Each line from the one with "Ducat| Streetfighter V2" through the end of the records below should be transcribed exactly, and each picture should be skipped.

[[ INFORMATION SUPPLIED open ]]

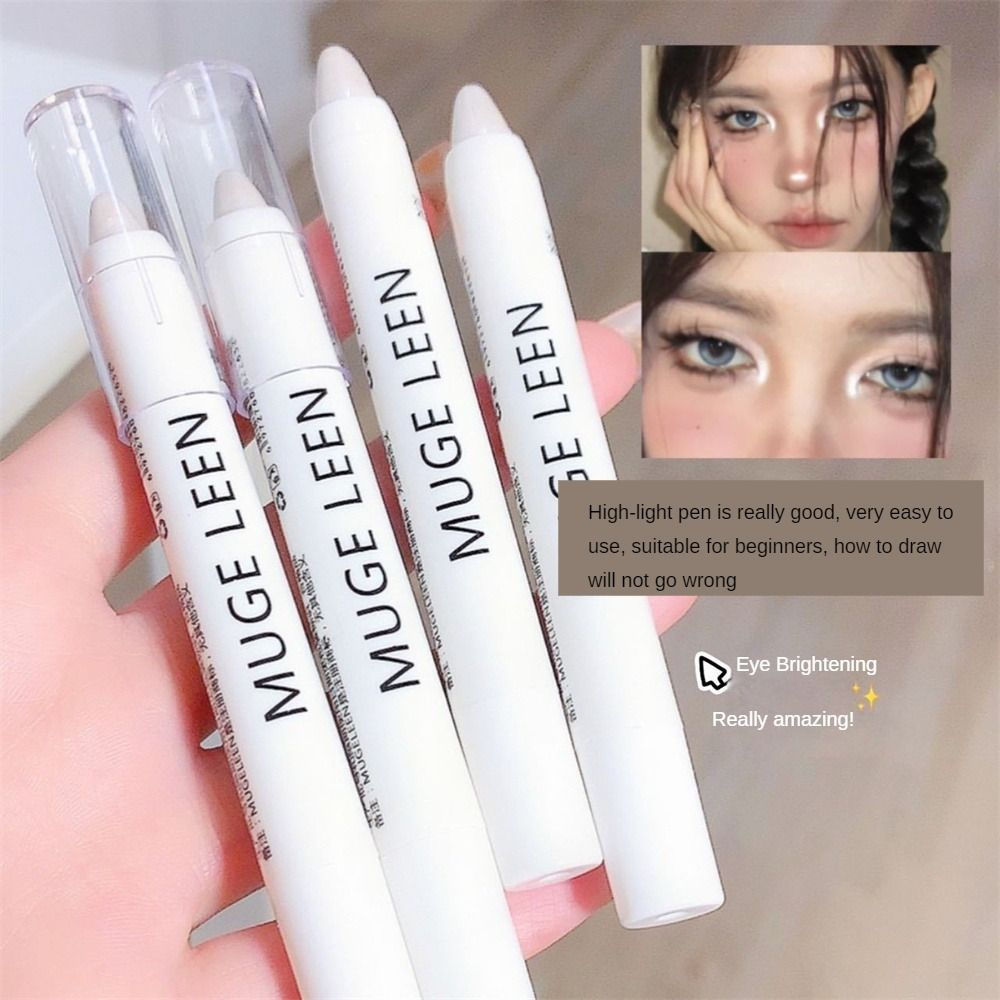 Pearlescent Glitter Highlighter Pen White Silver Long-lasting Lying Silkworm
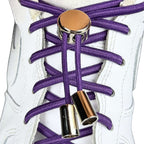 Elastische veters zonder strikken ovaal 4mm luxe lock paars met stretch uitgerekt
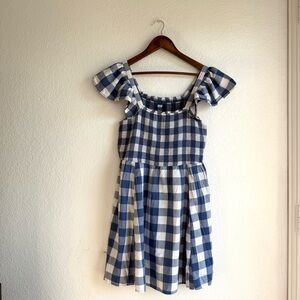 Old Navy Womens Dress Blue White Plaid Flutter Sleeve Smocked Size Large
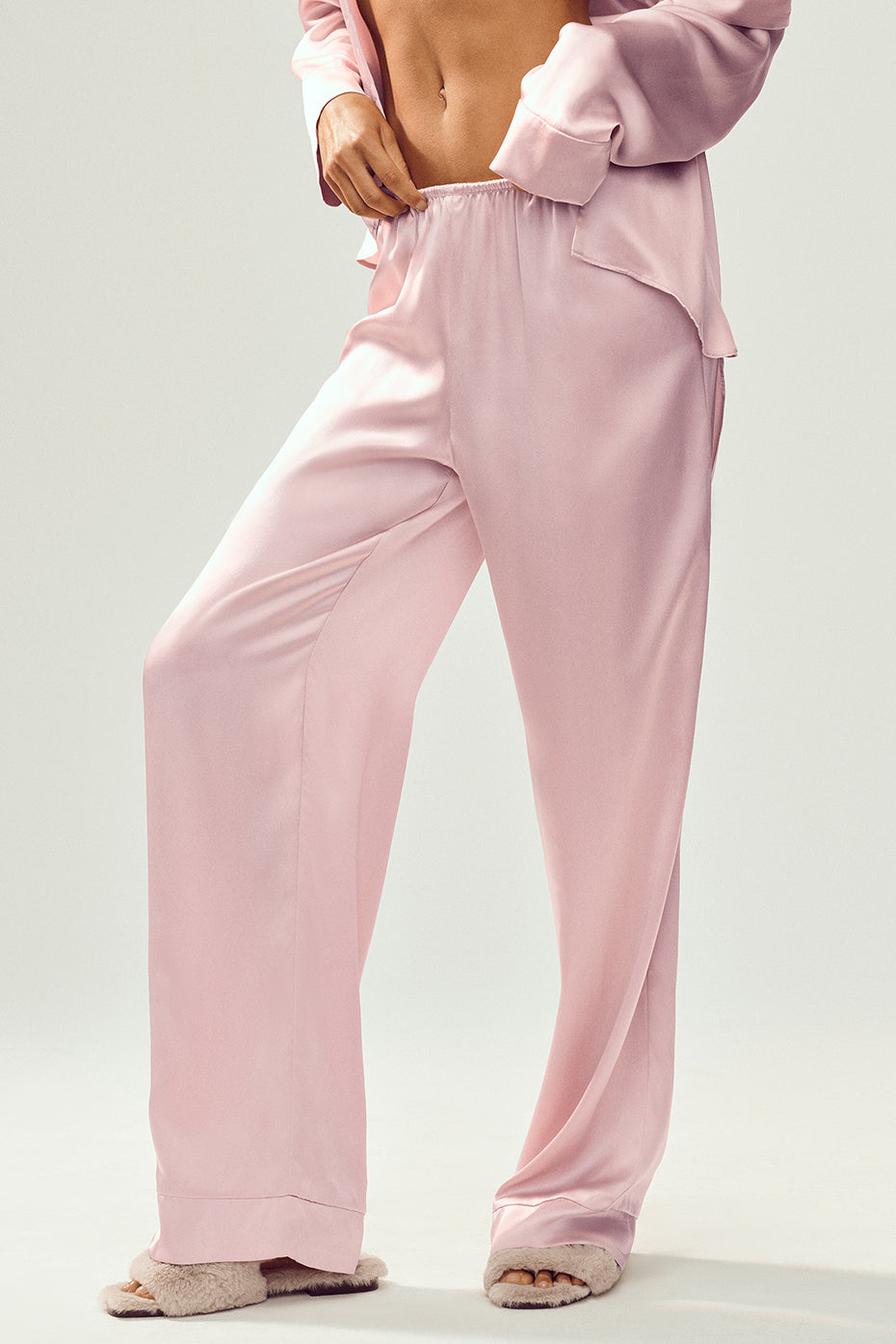 Silk Luminous Pant (Long) - Pink Champagne--3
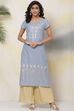 Ice Blue Cotton A Line Kurta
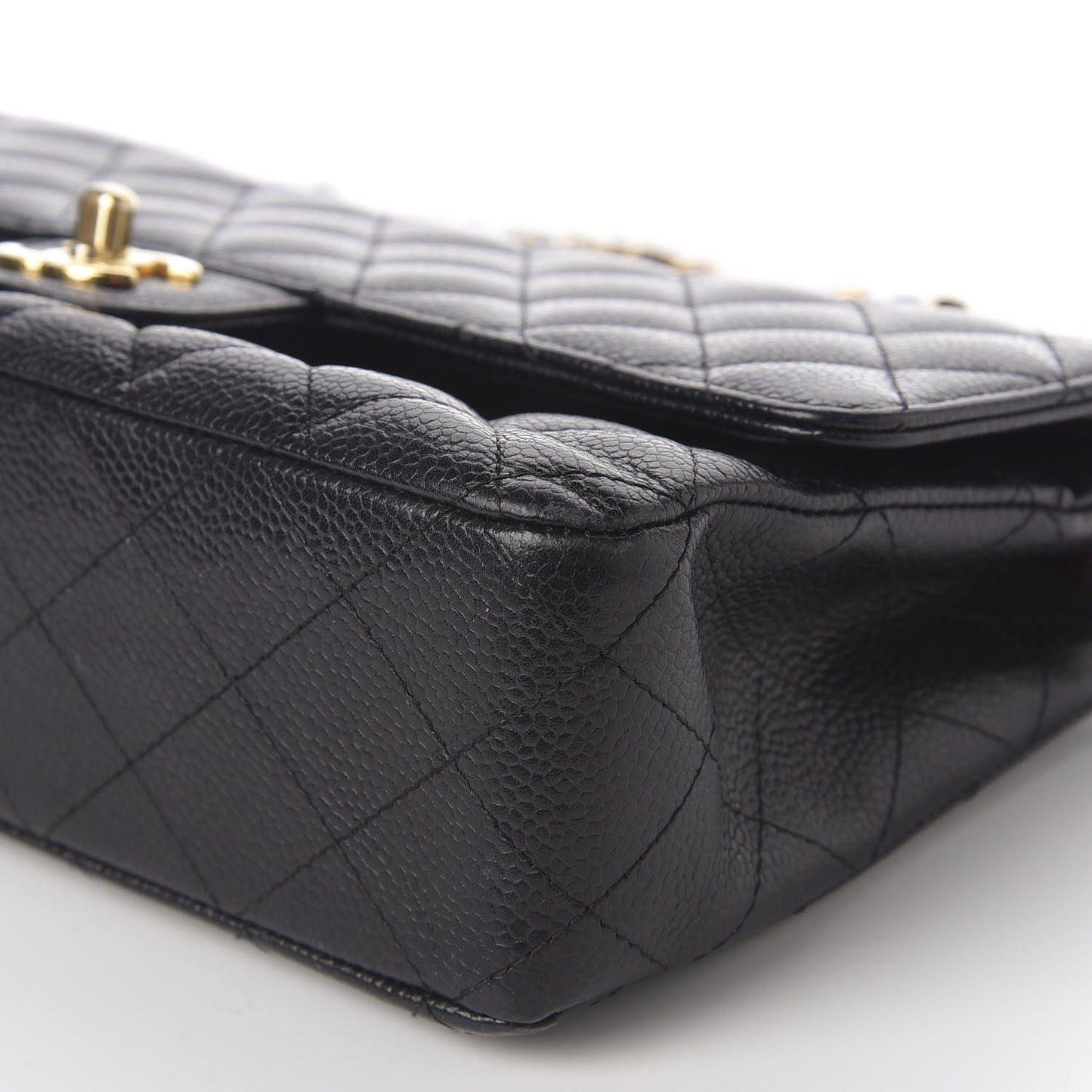 Caviar Quilted Medium Double Flap Black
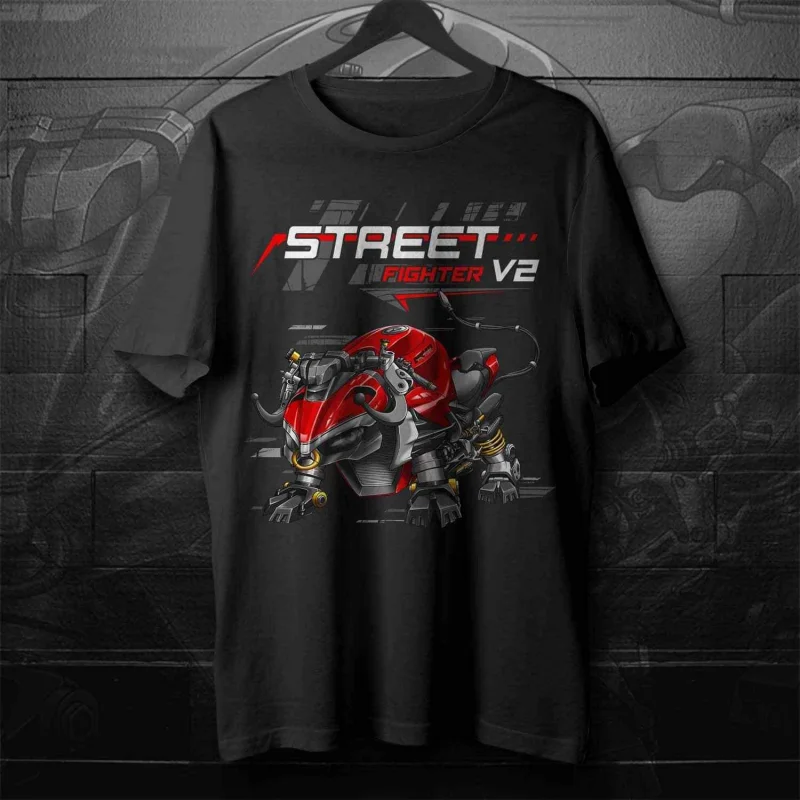 

Ducat| Streetfighter V2 Motorcycle T-Shirt for Riders 00000433#A1 men women summer tee cotton tshirts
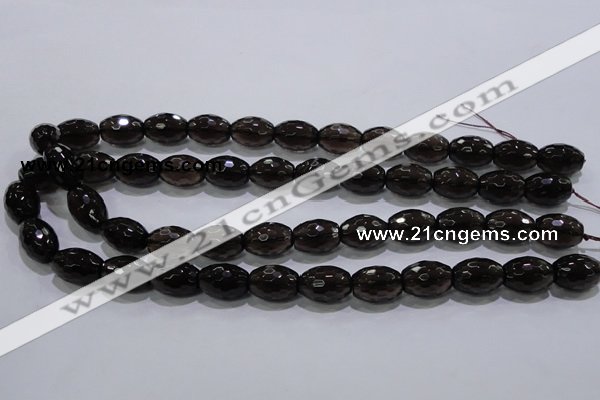 CSQ113 12*16mm faceted rice grade AA natural smoky quartz beads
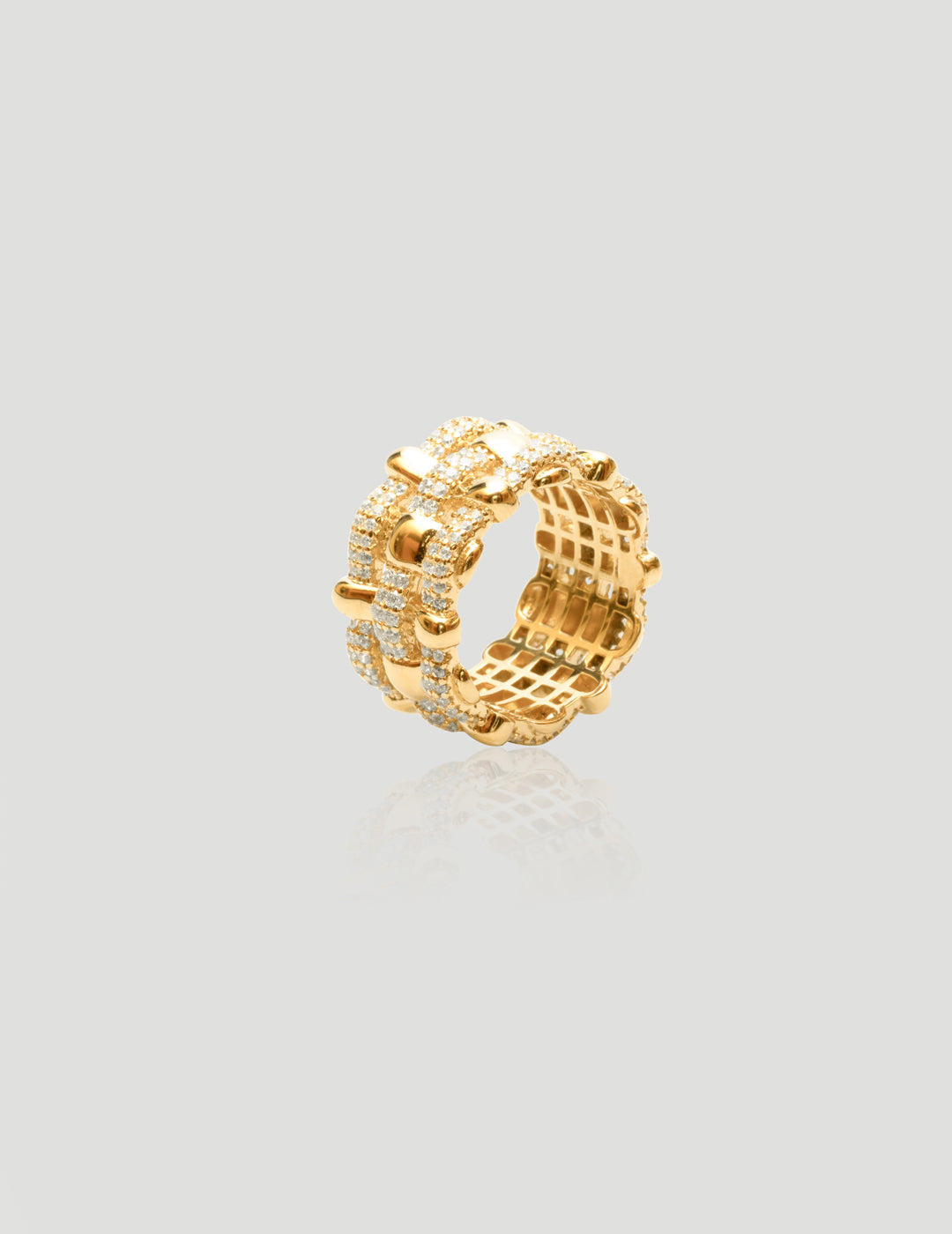 Sparkling Mesh - Linked Gold Ring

[[ INFORMATION SUPPLIED closed ]]

→ **RESULT OF THE TASK**:
Ducat| Streetfighter V2 Motorcycle T-Shirt for Riders 00000433#A1 men women summer tee cotton tshirts
 CSQ113 12*16mm faceted rice grade AA natural smoky quartz beads
 Sparkling Mesh - Linked Gold Ring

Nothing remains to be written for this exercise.